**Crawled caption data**
..............................
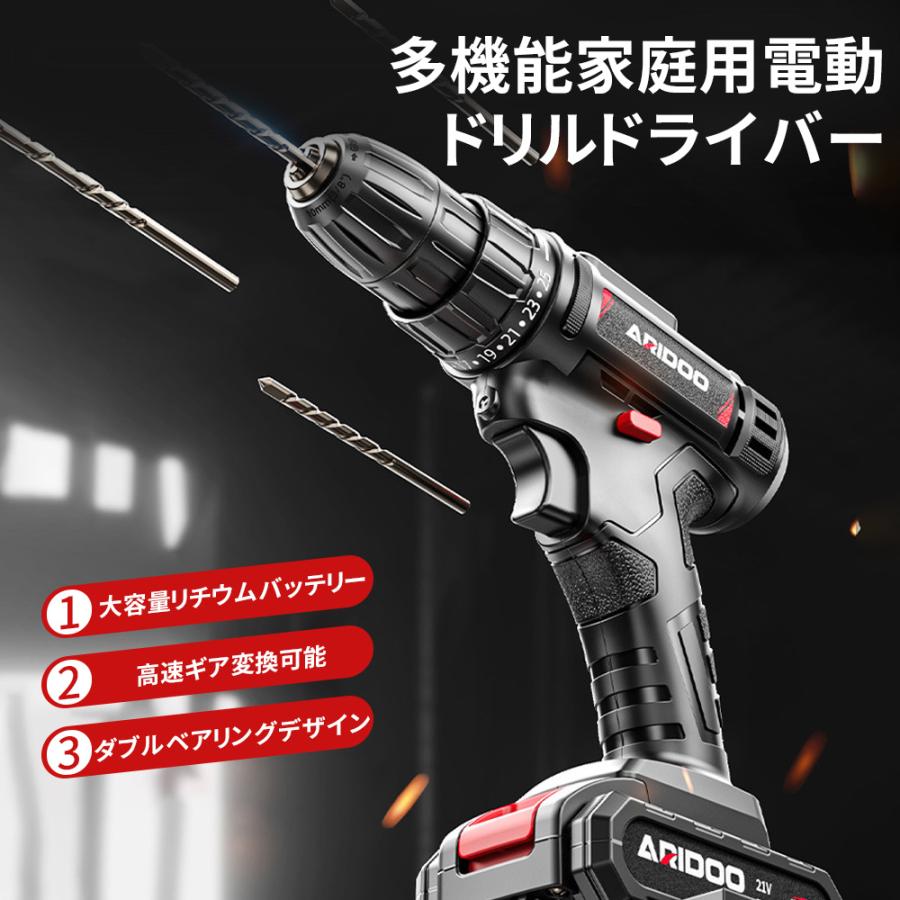 【正規品】ドライバドリル 電動ドライバー 充電式 LEDライト付 小型 軽量 電動ドリル 電動ドリルドライバー コードレス コンパクト DIY ビット25本付き マキタ |  | 01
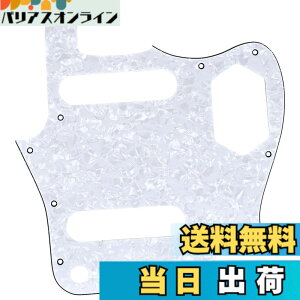 �y���������zMusiclily Pro 10�� �W���K�[�X�^�C���s�b�N�K�[�h ���{�� Fender Japan Jaguar�G���L�M�^�[�p�A�z���C�g�p�[��4P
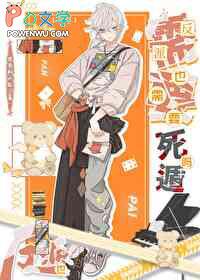 美惨圣父，但反派[快穿]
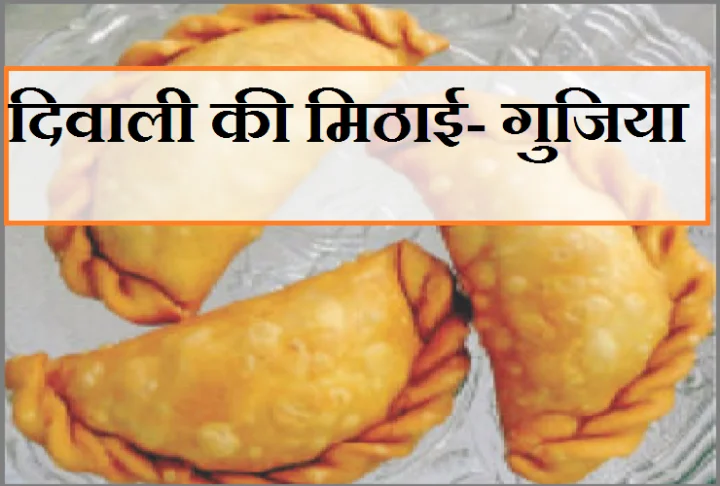 diwali sweets recipes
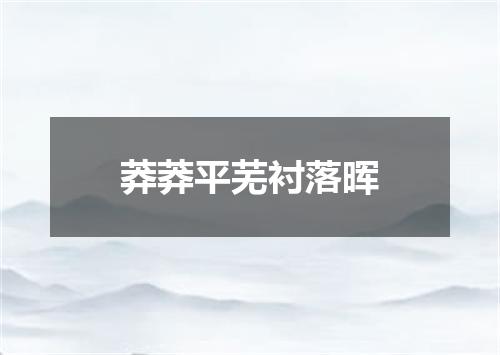 莽莽平芜衬落晖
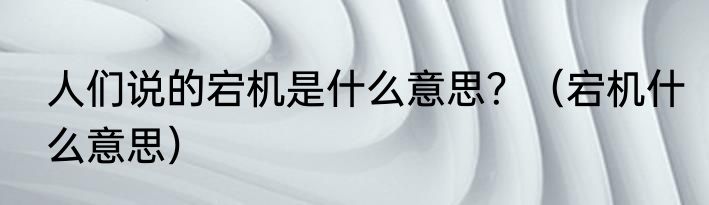 毛利额怎么算？（毛利额）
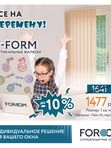 Горизонтальные и Вертикальные жалюзи INTEGRA G-FORM,G-FORM и V-FORM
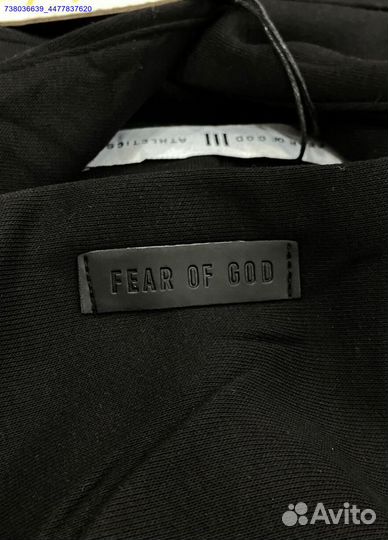 Худи Adidas Fear of God лимитированная коллекция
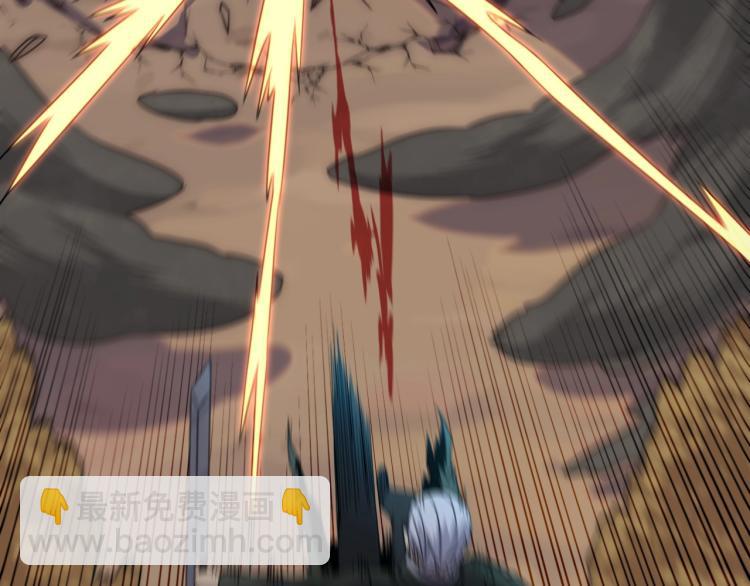 第9话 同归于尽吧！(1/3)-第9话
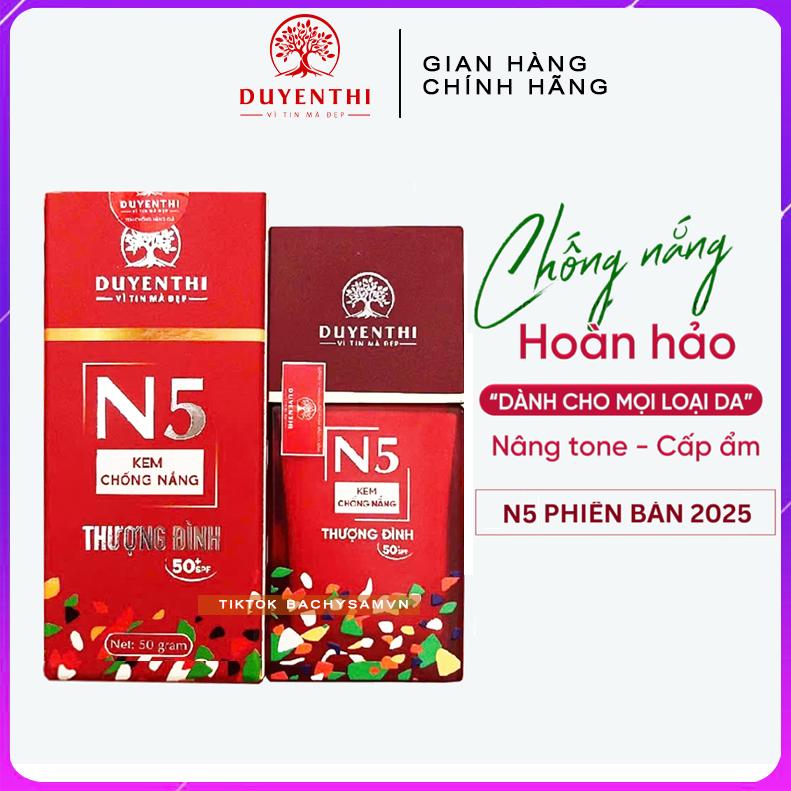 Kem Chống Nắng N5 Duyên Thị Bách Y Sâm - Kem Chống Nắng Thượng Đình N5 Sunscreen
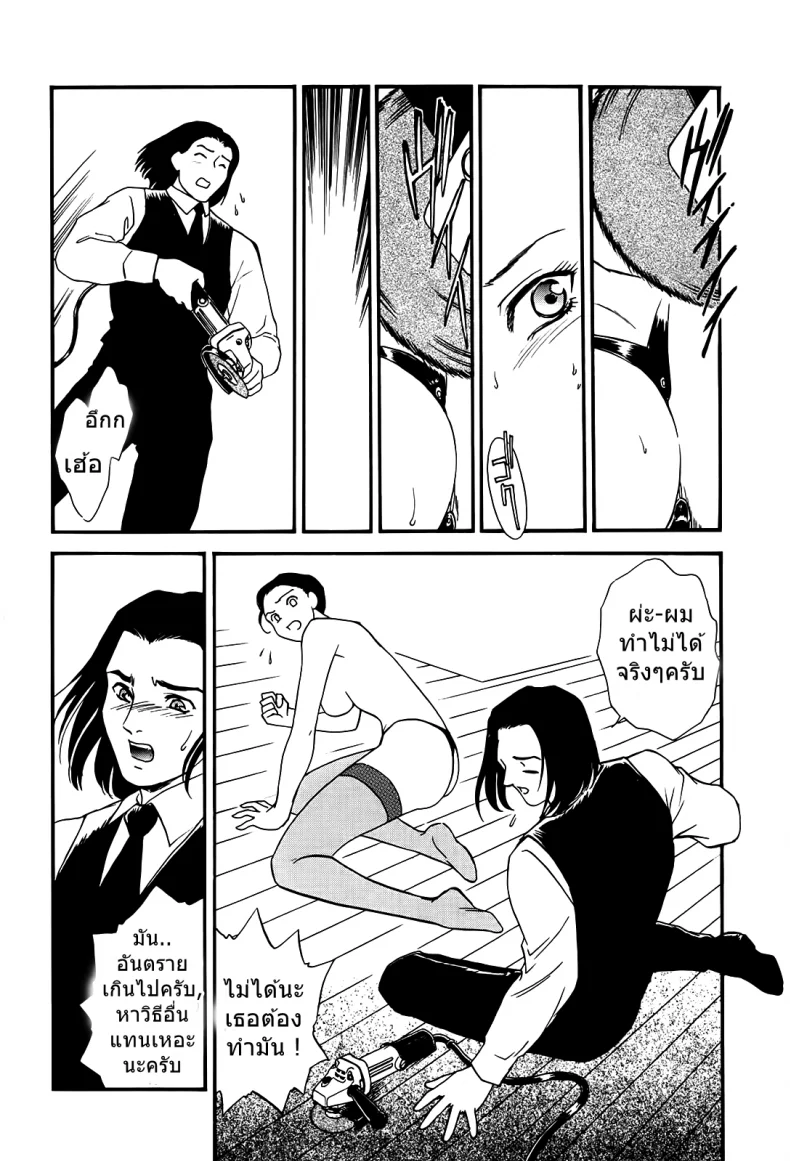อย่าให้ฉัน ต้องทนเสียว [Fujii Akiko] Hungry Wife Ch.1 (The Lusty Lady Project)อย่าให้ฉัน ต้องทนเสียว 2 จบ หน้า 4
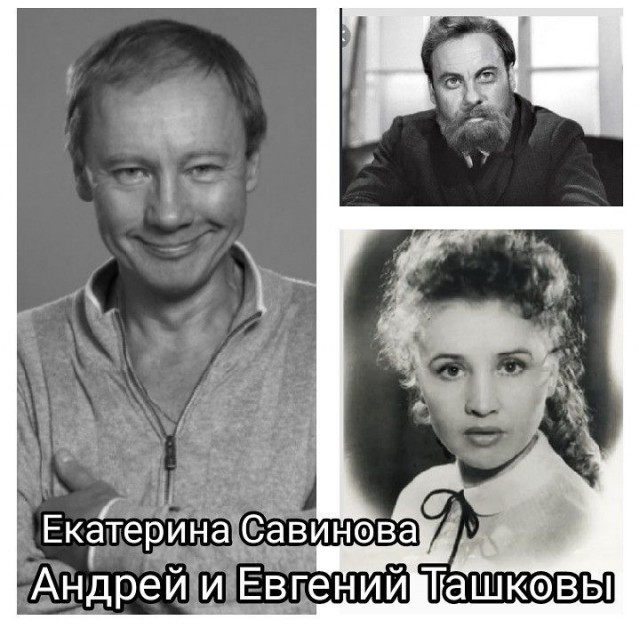 Интересные снимки известных людей 01.04.24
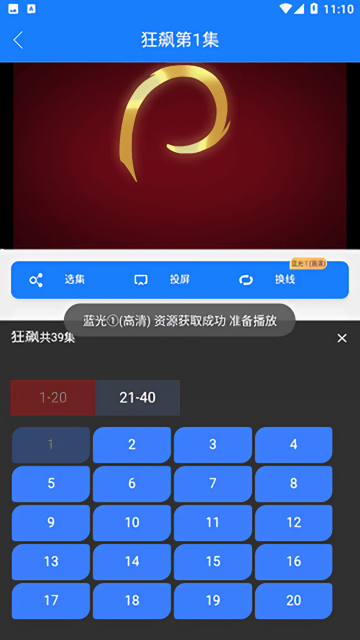 全球影视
..............................
**YOUR GOAL**
Please return all of the entries word for word, excluding the pictures.

**COMPLETED TASK**
 【正規品】ドライバドリル 電動ドライバー 充電式 LEDライト付 小型 軽量 電動ドリル 電動ドリルドライバー コードレス コンパクト DIY ビット25本付き マキタ |  | 01
 �y���������zMusiclily Pro 10�� �W���K�[�X�^�C���s�b�N�K�[�h ���{�� Fender Japan Jaguar�G���L�M�^�[�p�A�z���C�g�p�[��4P
 美惨圣父，但反派[快穿]
 diwali sweets recipes
 莽莽平芜衬落晖
 毛利额怎么算？（毛利额）
 Горизонтальные и Вертикальные жалюзи INTEGRA G-FORM,G-FORM и V-FORM
 Худи Adidas Fear of God лимитированная коллекция
 第9话 同归于尽吧！(1/3)-第9话
 Kem Chống Nắng N5 Duyên Thị Bách Y Sâm - Kem Chống Nắng Thượng Đình N5 Sunscreen
อย่าให้ฉัน ต้องทนเสียว [Fujii Akiko] Hungry Wife Ch.1 (The Lusty Lady Project)อย่าให้ฉัน ต้องทนเสียว 2 จบ หน้า 4
 Интересные снимки известных людей 01.04.24
 全球影视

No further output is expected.